━━━ Stored data ━━━

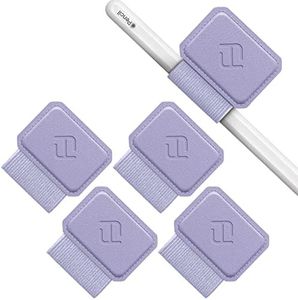 Fintie 4 Pack Pen Loop Holder for Apple Pencil Pro, Apple Pencil (USB-C) & Apple Pencil (1st / 2nd Gen) and Stylus Pens, Elastic Adhesive Leather Pen Sleeve Attached to Cases, Lilac Purple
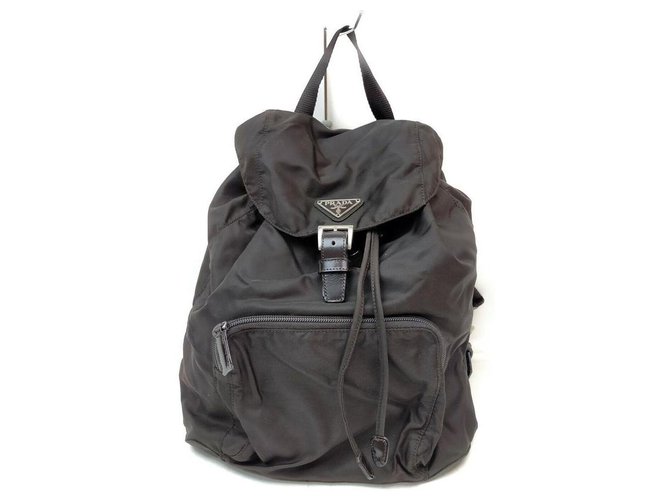 Prada Dark Brown Nylon Tessuto Backpack  ref.330780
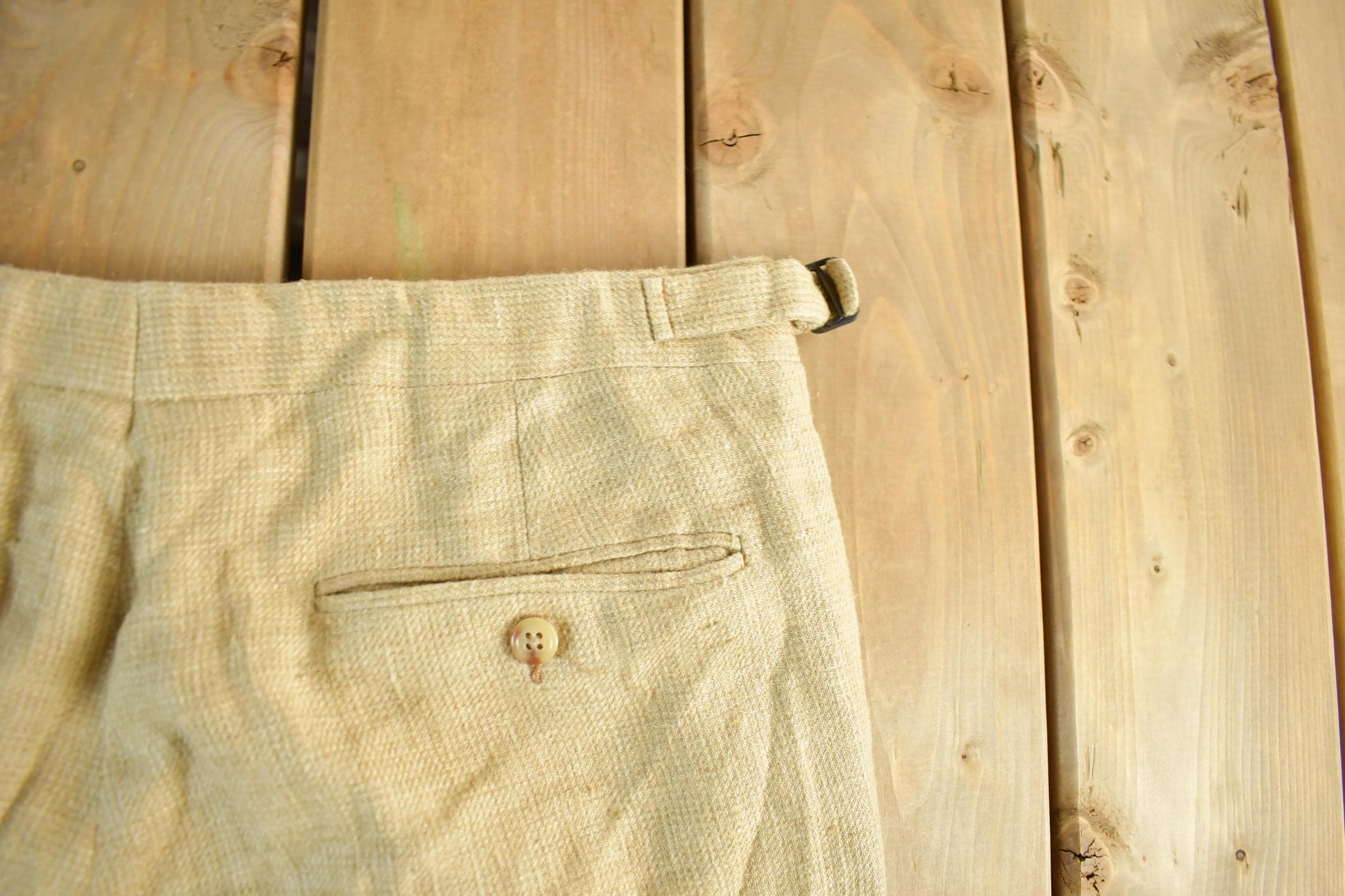 Vintage 1990's Polo Ralph Lauren Silk Flax Trousers Men's 34 x 30 from propervintagecanada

━━━

## [Requirement]
Wherever a picture appears, omit it; copy the rest of the data exactly.

## [Response]
 Fintie 4 Pack Pen Loop Holder for Apple Pencil Pro, Apple Pencil (USB-C) & Apple Pencil (1st / 2nd Gen) and Stylus Pens, Elastic Adhesive Leather Pen Sleeve Attached to Cases, Lilac Purple
 Prada Dark Brown Nylon Tessuto Backpack  ref.330780
 Vintage 1990's Polo Ralph Lauren Silk Flax Trousers Men's 34 x 30 from propervintagecanada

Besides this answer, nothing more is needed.